Ok, well really only one response to this is possible.  So you'll need a 4x4 vehicle of some sort, a large tarp, two shovels, and a psychotic wombat....

Hmm... ok, well that might be a bit on the overkill side for a first offense.  Ok, so if it were me, I'd sit down with the President and explain that you have an agreement, and make sure he's aware of everything that happened.  He may or may not be aware of the pictures printed in the paper, etc.

Make sure he understands that you do expect the association to honor this agreement in the future.  If they fail to do so then you'll have to terminate your association.  I would also tell them that since this was brought to their attention on the day of the event and the response was inadequate, you'll be taking the 20% of the income you made from that day out of the next payment you make to the association.


----------



## tirediron (Jul 26, 2016)

HeldInTheMoment said:


> ...Here is the clause in our contact in regards to us being the exclusive photographer:
> 
> Exclusive Photographer: The Photographer(s) *shall be the exclusive photographer retained by the Clients* for the purpose of photographing the events.
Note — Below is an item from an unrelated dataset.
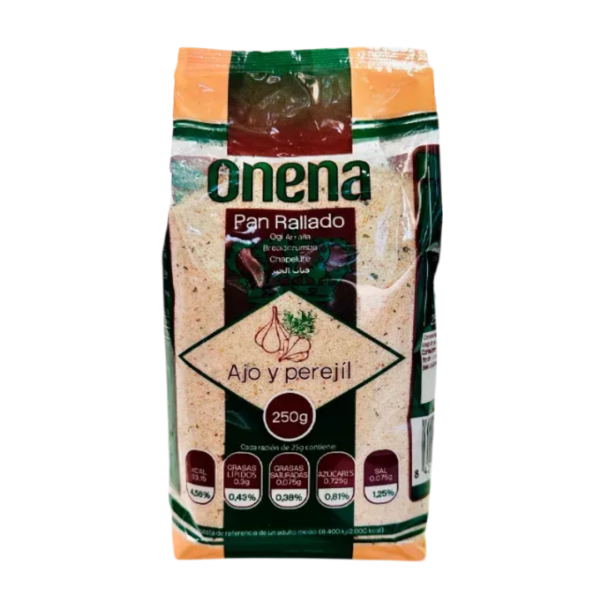 Pan Rallado con Ajo y Perejil (250g)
The Photographer(s) will be the only persons permitted on the race track/restricted areas to take photos for these events. *No other persons shall be permitted to sell or promote their photographs, during or after*, the Clients events. Guests, Family and Friends of the Clients shall be permitted to take photos for their personal use as long as they remain behind the spectator fence and do not interfere with the Photographer(s) duties. A violation of this clause releases the Photographer(s) from any responsibilities or obligations to pay the Clients the Amount Agreed stated above.


That's a fairly well worded clause, but I see a couple of potential hurdles:  Was this photographer retained by the track association?  If not, no violation of that clause.  "Retained" would normally mean that he had been approached by the client and was receiving some form of remuneration from them.   If the person was a journalist, than editorial use of the images likely would not constitute "sale/promotion" and as well for the line about "only persons permitted...   I could see (not agree, but see) where this might be said to not apply to a journalist.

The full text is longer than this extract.